Perhaps the only slightly puzzling looking bits are the links to other websites. It is not immediately important for you to know how to include these links (AKA hyperlinks, or URLs) so feel free to skip the next section.
2.10 Code chunks
Let’s talk a little more about code chunks (and in-line code), since they are the main reason why Rmd is so useful when it comes to reports of statistical analysis. For one, they are great for creating tables and figures. As a basic demonstration, we can create a simple histogram. Again, at this point, you don’t have to worry about understainding the code itselt. The important bit is that, once you know how to create fancy plots and tables, you can create them directly in your .Rmd file to put them in your paper/report/presentation:
library(ggplot2) # load the ggplot2 package
qplot(rnorm(1000), xlab = "Value", ylab = "Frequency") # basic quick histogram
## `stat_bin()` using `bins = 30`. Pick better value with `binwidth`.
That’s pretty cool, isn’t it? What’s arguable even cooler is the fact, that you can incorporate code in the actual body text. Let’s say we have a chunk of code that runs some analysis, for example takes the mean age of our sample.
# create a made up sequence of numbers and pretend they are the ages of our participants
age <- c(34, 22, 26, 25, 43,19, 19, 20, 33, 27, 27, 26, 54)
# calculate their mean, rounded to 2 decimal places
mean_age <- round(mean(age), digits = 2)
With Rmd, we don’t really even have to know what the value of the mean is when writing the results. We can simply use in-line code to have R Studio generate a document that say that the mean age was 28.85.
For the time being, don’t worry about how this is actually done. We will cover that later in depth. For now, simply rejoice in the fact that it can be done ;).
This feature has a very useful consequence: You can write a document in such a way that, if something about your data or analysis changes, you can simply edit the code in the appropriate chunks, re-generate the output file and all the values will get updated.
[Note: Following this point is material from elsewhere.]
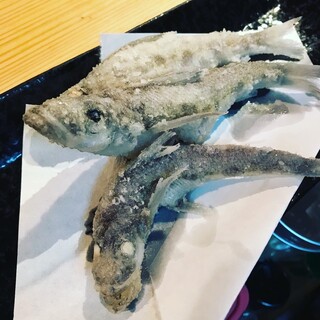 ペット可 おすすめのうなぎをご紹介 食べログ ペット可 おすすめのうなぎをご紹介 食べログ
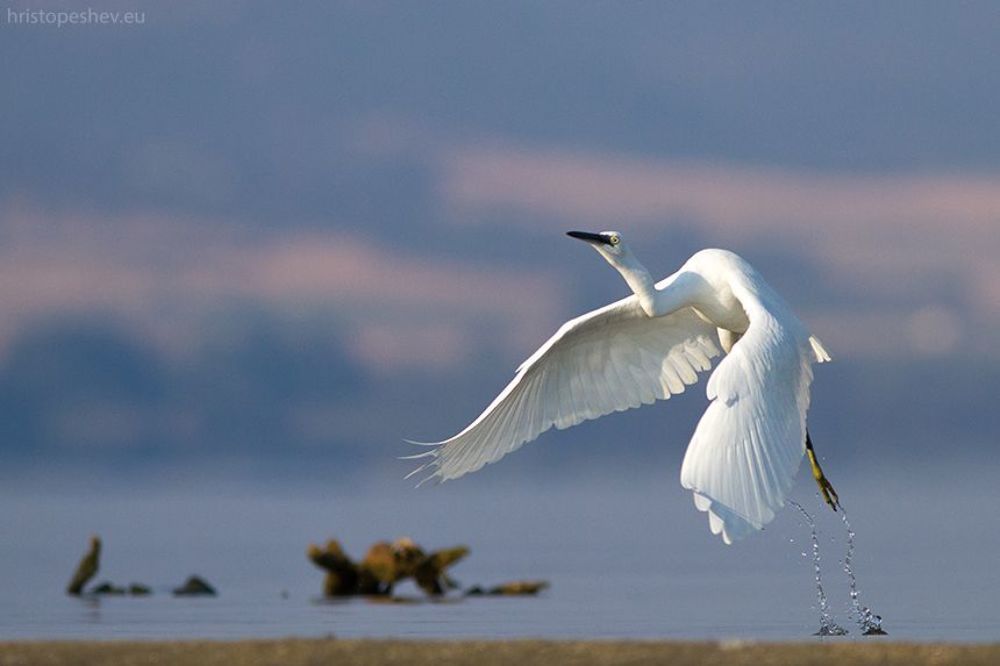 Birds in Blue, Lake Volvi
Imagine having to redo a table of 40, 50, 100 numbers – that’s an awfully teatious task and it’s prone to human error. With a proper use of R Markdown you will never have to do it! Imagine how many hours of work that will save you (trust us, it’s a lot). How amazing is that?
2.11 Common Code Chunks Options
name
- This allows you to name your code chunks, but is not necessaryecho
- Whether to display the code chunk or just show the results.echo=FALSE
will embed the code in the document, but the reader won’t be able to see iteval
- Whether to run the code in the code chunk.eval=FALSE
will display the code but not run itwarning
- Whether to display warning messages in the documentmessage
- Whether to display code messages in the documentresults
- Whether and how to display the computation of the results
2.12 Including images or links
2.12.1 Adding links
You can add links to your text quite easily, using square brackets and including the webpage link e.g. [here] (LINK). In practice, just remove the space.
See our book here
2.12.2 Adding figures & pictures
Include picture from online or your workind directory (more on the latter later)
knitr::include_graphics("https://imgs.xkcd.com/comics/correlation.png")
2.13 Generating documents
Now that you have an understanding of the basics of Rmd along with some nifty tricks and can read the source file, let’s talk about how to generate output from the .Rmd’s.
The simplest way of turning the source into output is using the pre-defined shortcuts.
Task 4: Press Ctrl + ⇧ Shift + K (Windows/Linux) or ⌘ Command + ⇧ Shift + K (Mac OS) to turn generate a HTML version of this document.
Hopefully, nothing happend and maybe you spotter R
giving you an error statement of some sort written all in red!
The reason for this is that, before we generate the file, we need to “run” all the code chunks so that R studio has access to their output.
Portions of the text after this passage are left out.